TASK GOAL - Could you repeat exactly the lines below, from the line containing "ASTMLPD-18-50-000MHZ-LJ-E-T QRCode" through the last one, both included, while leaving out any pictures?

[Opening SOURCE DATA section]

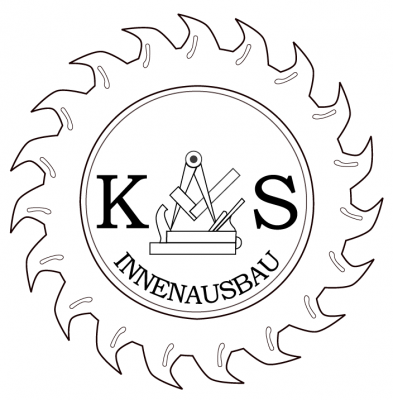 Firmengrafik Branchenverzeichnis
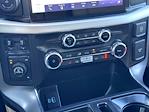 2022 Ford F-150 SuperCrew Cab 4WD Pickup for sale #C360420B - photo 26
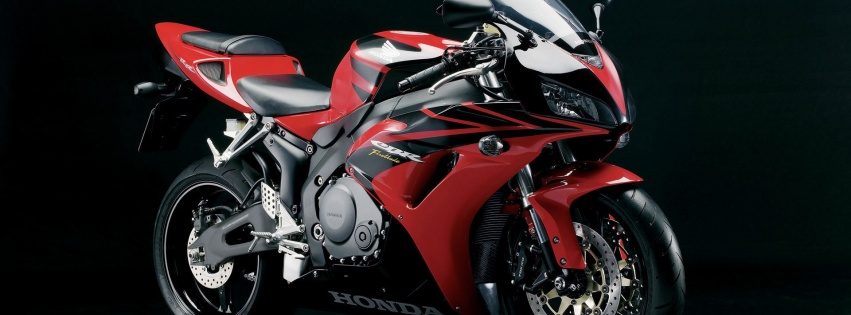 Honda Cbr1000rr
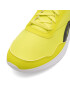 Reebok Обувки Energen Lite IE1940 Жълт - Pepit.bg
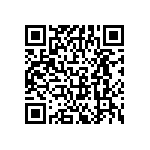 ASTMLPD-18-50-000MHZ-LJ-E-T QRCode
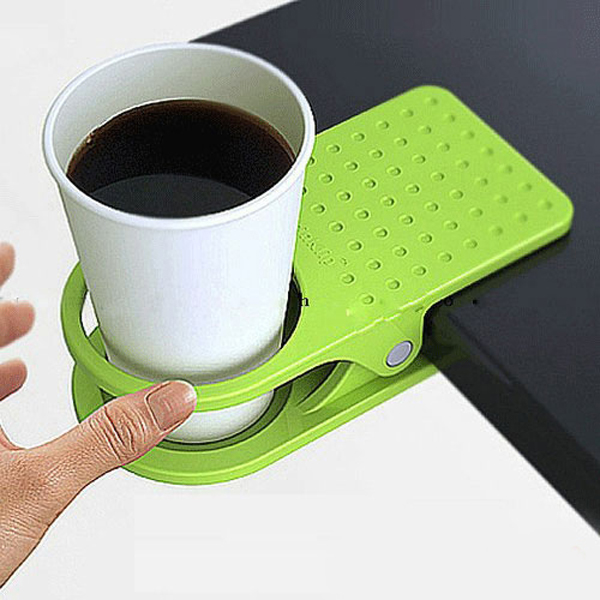 Bộ 2 Dụng Cụ Kẹp Ly Nước Tiện Ích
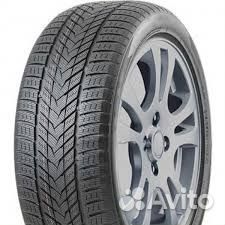 Grenlander IceHawke II 255/50 R20 109H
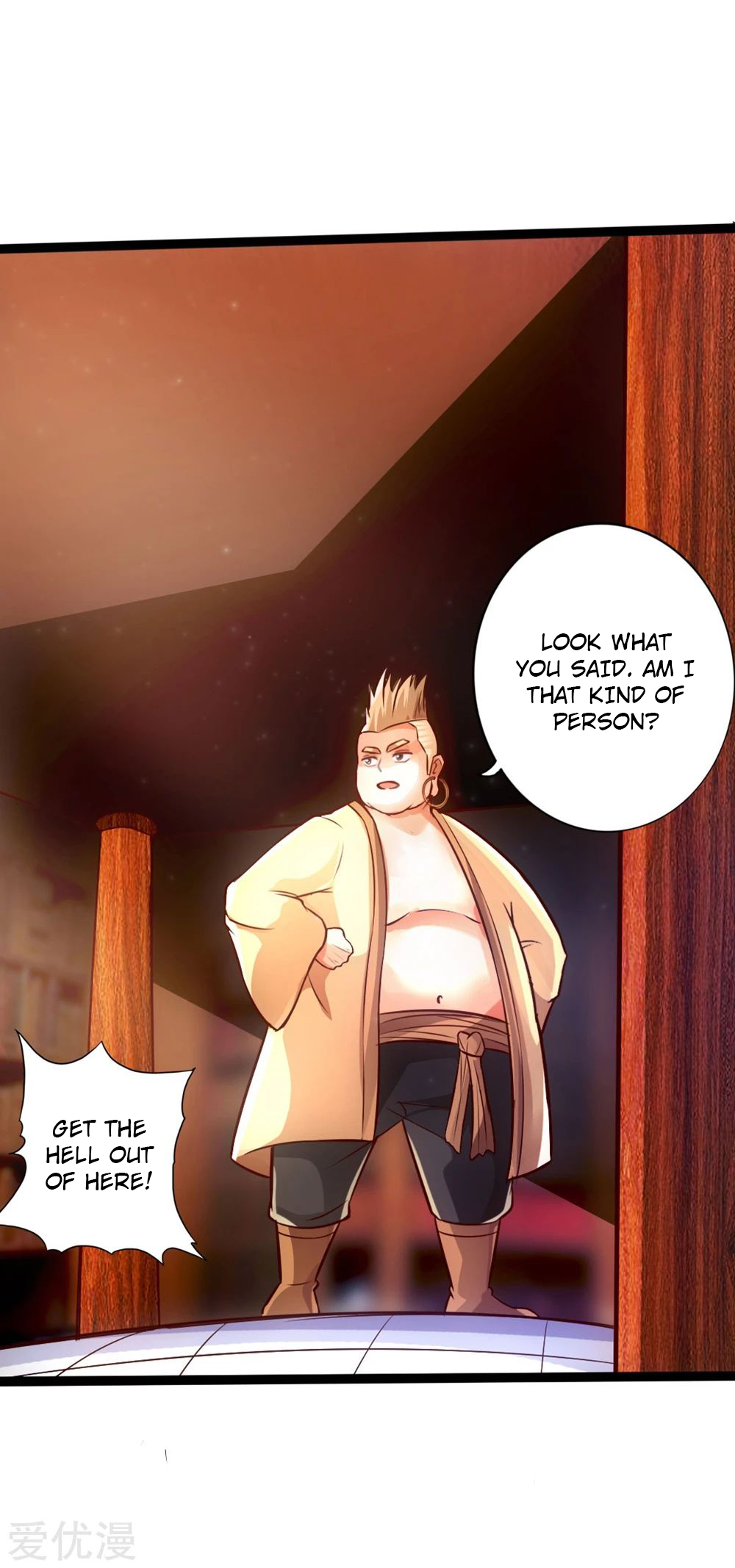 Page 26 of Chapter 31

[Closing SOURCE DATA section]

WRITTEN REPLY -
 ASTMLPD-18-50-000MHZ-LJ-E-T QRCode
 Bộ 2 Dụng Cụ Kẹp Ly Nước Tiện Ích
 Grenlander IceHawke II 255/50 R20 109H
 Page 26 of Chapter 31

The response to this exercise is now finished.